Giuseppe Giampà
3 minuti per la letturaLAMEZIA TERME (CATANZARO) – La Cassazione ha dichiarato inammissibili i ricorsi contro la sentenza della Corte d’Appello di Catanzaro (confermando, dunque, le pesanti condanne inflitte) emessa due anni fa (relativamente a due procedimenti poi unificati) nei confronti dei collaboratori di giustizia Giuseppe Giampà (figlio dello storico capocosca Francesco “il “professore”), Angelo Torcasio, alias “porchetta”, Saverio (ex killer della cosca Giampà), Giuseppe e Rosario Cappello (padre dei primi due), Battista Cosentino e Francesca Teresa Meliadò (moglie di Giuseppe Giampà).

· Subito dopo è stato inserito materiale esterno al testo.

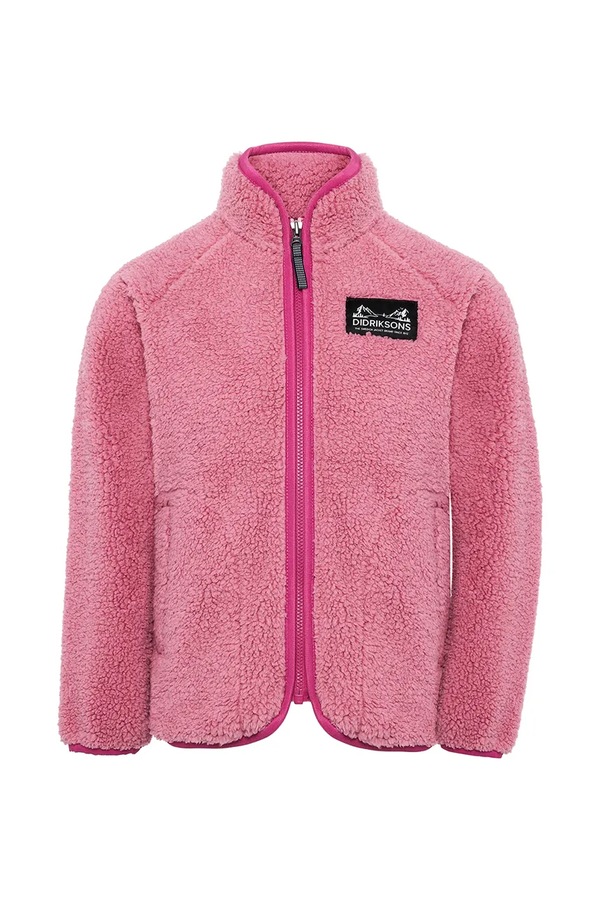 Кофта на застібці дитяча флісова Didriksons GIBBS KIDS FULLZIP 2 колір рожевий фото 2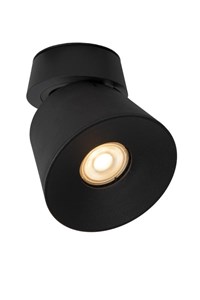 Lucide TRIGONO - Spot plafond - Ø 10,5 cm - 1xGU10 - Noir allumé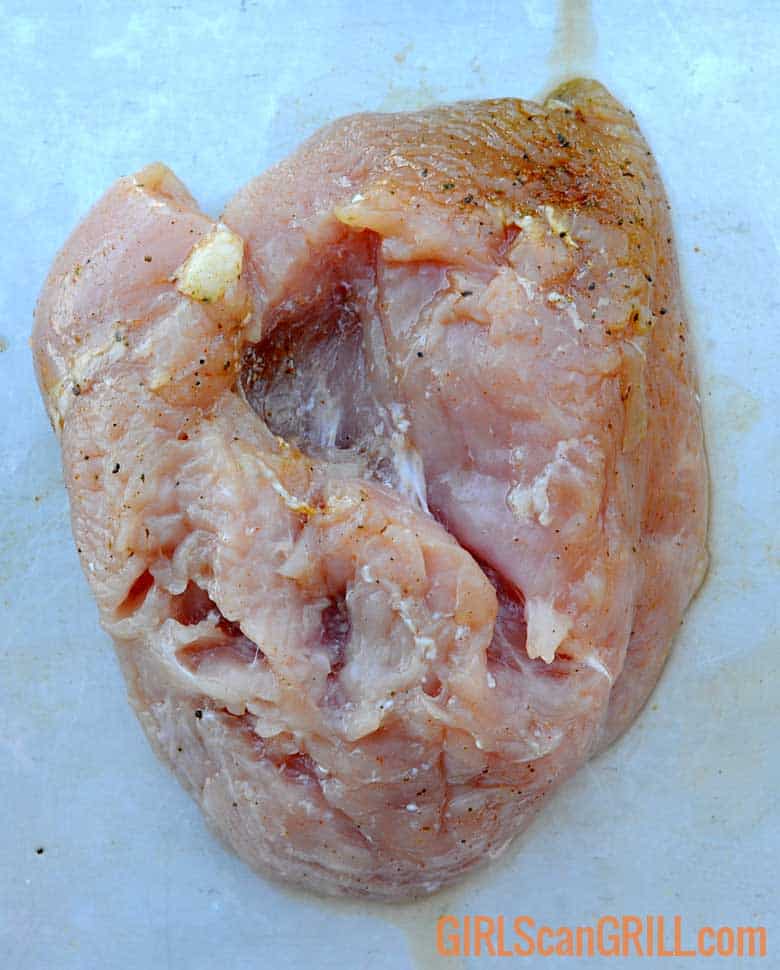 raw turkey breast.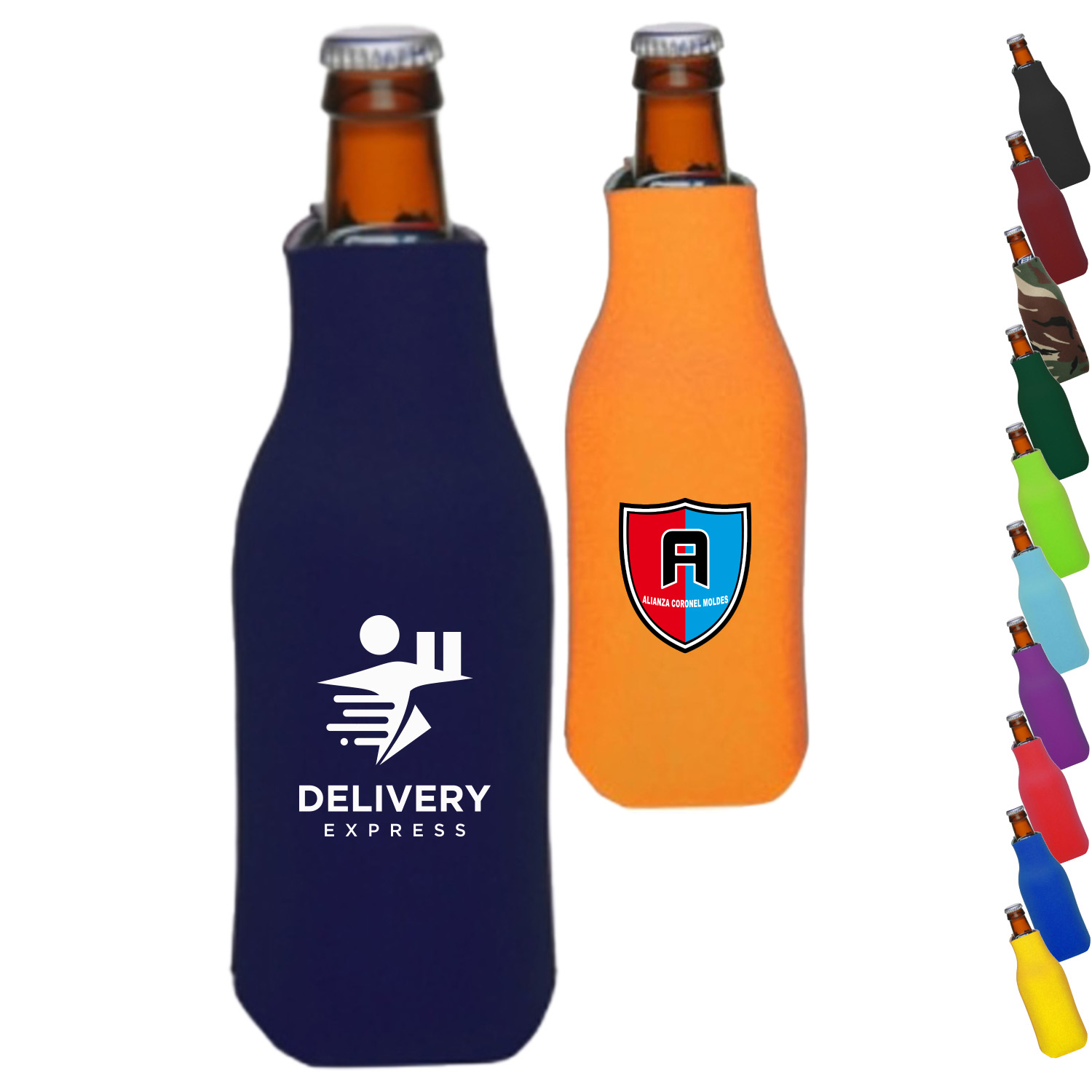 Custom Zipper Water Bottle Insulator 1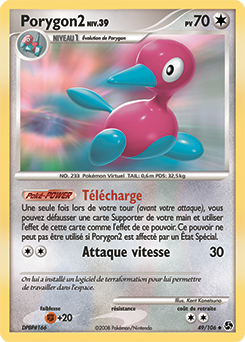 Carte Pokémon Porygon2 49/106 de la série Duels au Sommet en vente au meilleur prix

Associazione mafiosa, omicidi (anche tentati), furti, rapine, detenzione illegale di armi, estorsioni e ricettazione, queste le accuse, a vario titolo, per gli ex esponenti della cosca Giampà divenuti collaboratori di giustizia.
In particolare, per l’ex boss Giuseppe Giampà e Angelo Torcasio le accuse sono relative al concorso nell’omicidio di Vincenzo Torcasio, detto Carrà e al concorso nell’omicidio di Francesco Torcasio, detto Carrà (figlio di Vincenzo, quest’ultimo ucciso a giugno del 2011 in un campo di calcetto mentre Francesco Torcasio fu ucciso un mese dopo quando fu freddato in auto in via Misiani da Francesco Valise, killer implacabile della cosca e reo confesso dopo aver anche lui “saltato il fosso”) a Giuseppe Giampà il concorso nel tentato omicidio di Umberto Egidio Muraca e di Angelo Francesco Paradiso, concorso nella rapina in danno di SDA, concorso nella rapina in danno di Grazia Dell’Olio, Nicola Greco e Alberto Antonio Viscomi e concorso nella rapina in danno di Daniela Canino, titolare della gioielleria Le Meraviglie con sede in Catanzaro. Angelo Torcasio, oltre all’associazione di stampo mafioso, ha dovuto rispondere anche di un’estorsione aggravata in danno di Francesco Giampà e Pietro Giampà titolari di esercizi commerciali.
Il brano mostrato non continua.